The Op here states it much more accurately, so there is not the conflict.
But many good things did come up in that thread due to the misunderstandings raised
and debated. They do serve a purpose.

10sLifer
02-15-2012, 07:40 AM
Just do this. Go to the first round of the australian open and count the number of unforced errors. Now count the number of winners. Yes, simplify. Try not to miss and you should be in pretty good shape.

user92626
02-15-2012, 08:03 AM
Just do this. Go to the first round of the australian open and count the number of unforced errors. Now count the number of winners. Yes, simplify. Try not to miss and you should be in pretty good shape.

One time after seeing my doubles partner making more UEs than I'd like, I told him to try not to make any more UEs, like you say here. He sarcastically replied "No, I play tennis to make mistakes!"

5263
02-15-2012, 08:06 AM
One time after seeing my doubles partner making more UEs than I'd like, I told him to try not to make any more UEs, like you say here. He sarcastically replied "No, I play tennis to make mistakes!"
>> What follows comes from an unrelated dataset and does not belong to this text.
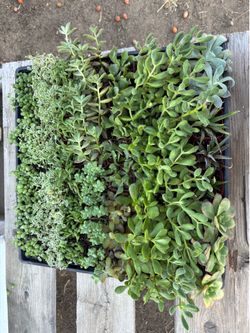 Succulents, $1 each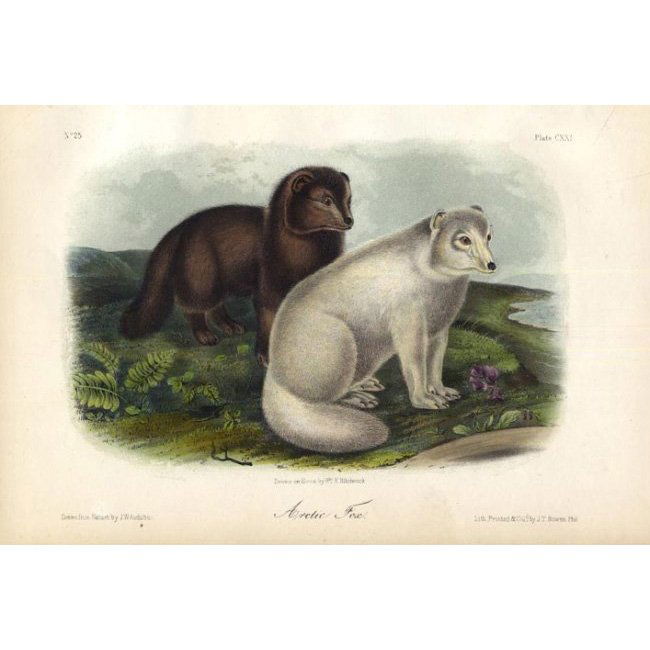 John James Audubon: Arctic Fox 1851 (1 of 1)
I'm not sure all should be sarcastic in that comment with the way they go about it.

Connors Fan
02-17-2012, 01:14 PM
I know at my 3.5 level its about that simple. I changed from trying to outhit my usual partner ( I cant really) to just making him run from corner to corner (not even the corners really, just side towards one side or the other) and was amazed at how much pressure that put on him. Plus when you hit like that, the vast majority of the shots that come back to you, seem to be in the middle of the court, so you barely have to move.

Joehax
02-17-2012, 01:38 PM
This sounds like half of the pusher strategy.

Seriously though I agree about not overthinking your shots. At my level the shots that give opponents the most trouble are the slow high bouncing balls. Why? Because the opponent has ages to think about it and is under pressure to put it away..

Logan71
02-19-2012, 01:19 PM
Interesting read on Wilander's take on tennis as a game.He said he focuses more on running than mechanics.
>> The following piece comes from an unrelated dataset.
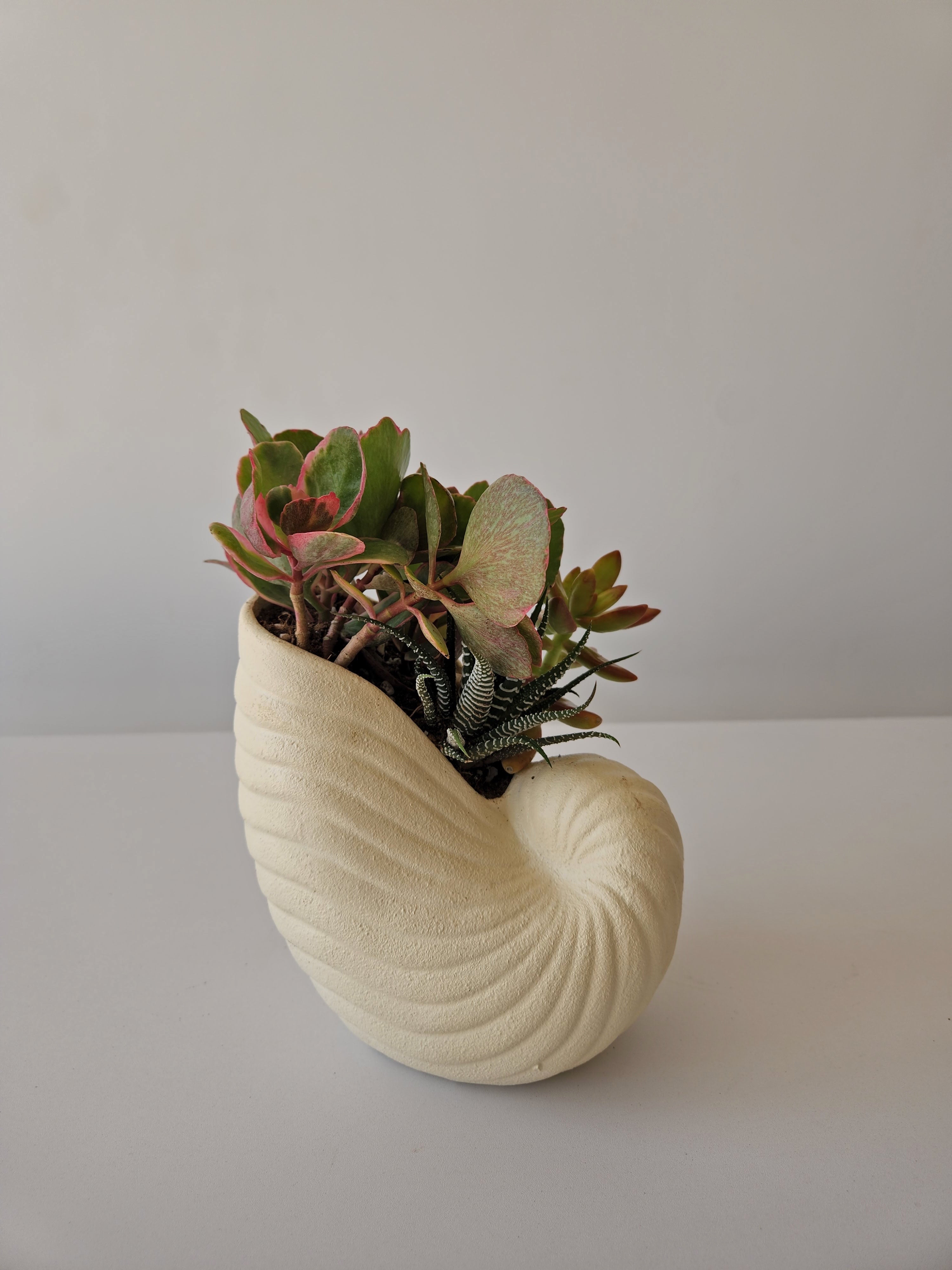 Shell Planter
Tennis is a moving game.If your fitness is poor than your game will suffer.Now I'm slightly older for about the first hour I feel sharp and loose and the winners seem easy to hit.

When I stay out longer tiredness is linked to your technique,mental strength,footwork,spacing.It all unravels over time as you get tired.

For higher level players on here probably 5.0 and above this isn't a weaker link in their game,but for those of under that certainly it's why we have a lower rating.

It's more important to control direction of shot and shot choice in other words strategy should be the most important thing from day one.

Stroke mechanics are essential but you will always be working on that.Matches are where it's at and winning as many as possible.Where and not how,mentally frees you to not put style over substance.

Get someone on the move and you can win the physical battle and when you have done that then the winners become easier to hit.

dominikk1985
02-19-2012, 01:53 PM
Interesting read on Wilander's take on tennis as a game.He said he focuses more on running than mechanics.

Tennis is a moving game.If your fitness is poor than your game will suffer.Now I'm slightly older for about the first hour I feel sharp and loose and the winners seem easy to hit.

When I stay out longer tiredness is linked to your technique,mental strength,footwork,spacing.It all unravels over time as you get tired.

For higher level players on here probably 5.0 and above this isn't a weaker link in their game,but for those of under that certainly it's why we have a lower rating.

It's more important to control direction of shot and shot choice in other words strategy should be the most important thing from day one.

Stroke mechanics are essential but you will always be working on that.Matches are where it's at and winning as many as possible.Where and not how,mentally frees you to not put style over substance.

Get someone on the move and you can win the physical battle and when you have done that then the winners become easier to hit.

wasnt wilander a guy who was supposed to have tremendous natural fitness without working hard for it?